I've turned all the Datacenter/PVE/VM firewalls off.

My /interfaces:
auto lo
iface lo inet loopback

iface ens1 inet manual

iface rename3 inet manual

iface ens5 inet manual

iface ens6 inet manual

iface enp1s0 inet manual

auto vmbr1
iface vmbr1 inet manual
bridge-ports ens1
bridge-stp off
bridge-fd 0
#pfsenseOPT

auto vmbr2
iface vmbr2 inet manual
bridge-ports ens5
bridge-stp off
bridge-fd 0
#pfsenseWAN

auto vmbr3
iface vmbr3 inet static
address 192.168.1.3/24
gateway 192.168.1.1
bridge-ports ens6
bridge-stp off
bridge-fd 0

Dunuin · Jun 27, 2021

Are you sure it is a network and not a storage problem? Maybe your drives caches or RAM is running out of space, it can't cache anymore and the storage is bottlenecking?

booleanxor · Jun 27, 2021

Dunuin said:
Are you sure it is a network and not a storage problem? Maybe your drives caches or RAM is running out of space, it can't cache anymore and the storage is bottlenecking?

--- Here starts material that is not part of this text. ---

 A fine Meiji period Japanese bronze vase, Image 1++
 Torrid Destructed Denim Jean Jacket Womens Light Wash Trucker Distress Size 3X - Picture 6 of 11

I have 3 drives and I've separated things out pretty well. The server isn't particularly busy, it's just a home server. Not a lot of disk activity really. I am offloading pfsense firewall syslog to splunk, but the IO doesn't seem off the charts or anything while downloading. Downloads are typically done on other clients on the network, not the VM's.

Just for some clarification, I have to reboot PVE before things get better. Stopping the download, rebooting pfsense doesn't do anything to help.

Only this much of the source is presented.